Your task is to restate every entry below word for word and omit the images.
==== INPUT FOR THIS TASK
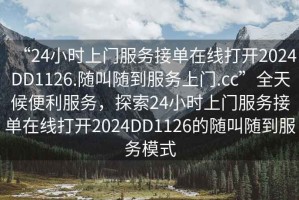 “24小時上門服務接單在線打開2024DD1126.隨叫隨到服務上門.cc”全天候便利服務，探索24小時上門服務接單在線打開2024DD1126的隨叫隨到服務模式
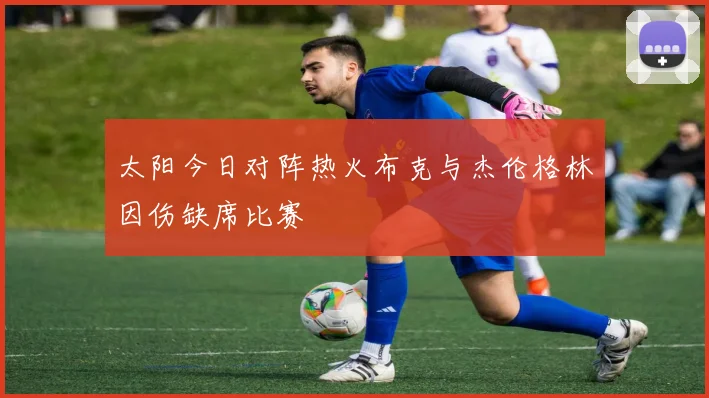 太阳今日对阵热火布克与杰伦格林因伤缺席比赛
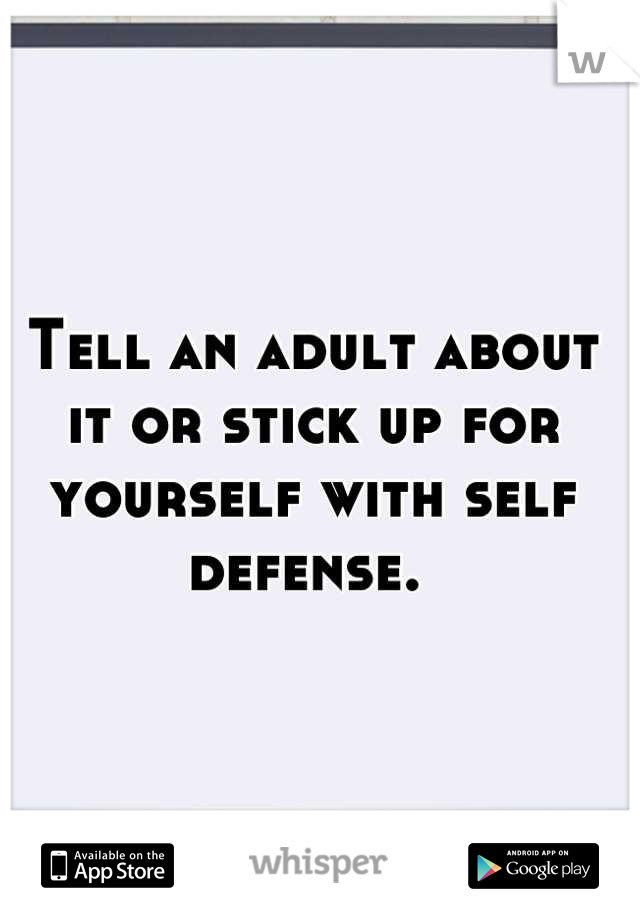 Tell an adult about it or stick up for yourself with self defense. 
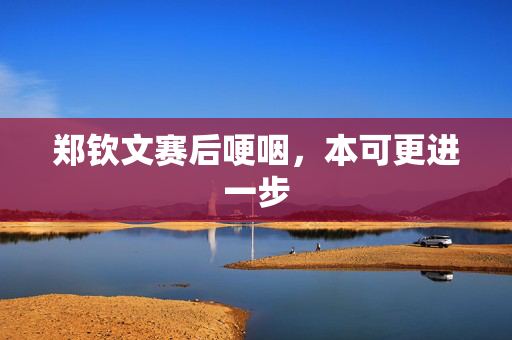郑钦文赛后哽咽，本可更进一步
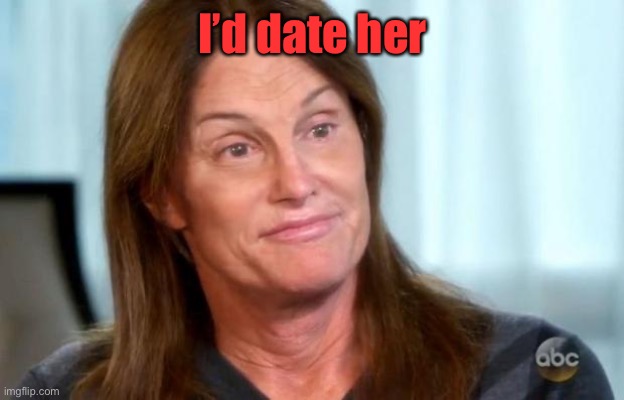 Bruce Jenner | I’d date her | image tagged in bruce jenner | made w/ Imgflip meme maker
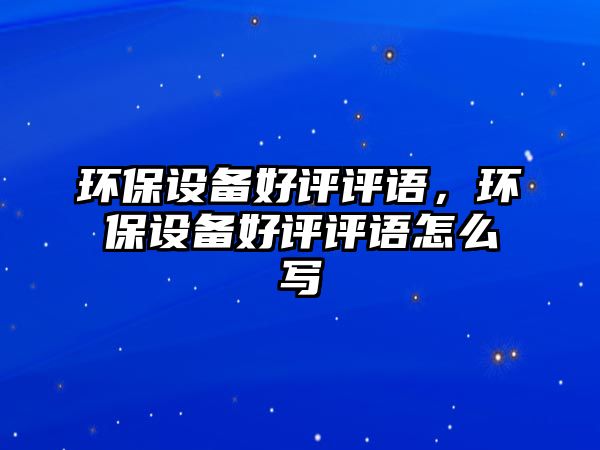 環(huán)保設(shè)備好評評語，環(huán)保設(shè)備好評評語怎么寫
========
**YOUR RESPONSE:**
 “24小時上門服務接單在線打開2024DD1126.隨叫隨到服務上門.cc”全天候便利服務，探索24小時上門服務接單在線打開2024DD1126的隨叫隨到服務模式
 太阳今日对阵热火布克与杰伦格林因伤缺席比赛
 Tell an adult about it or stick up for yourself with self defense. 
郑钦文赛后哽咽，本可更进一步
 Bruce Jenner | I’d date her | image tagged in bruce jenner | made w/ Imgflip meme maker
 環(huán)保設(shè)備好評評語，環(huán)保設(shè)備好評評語怎么寫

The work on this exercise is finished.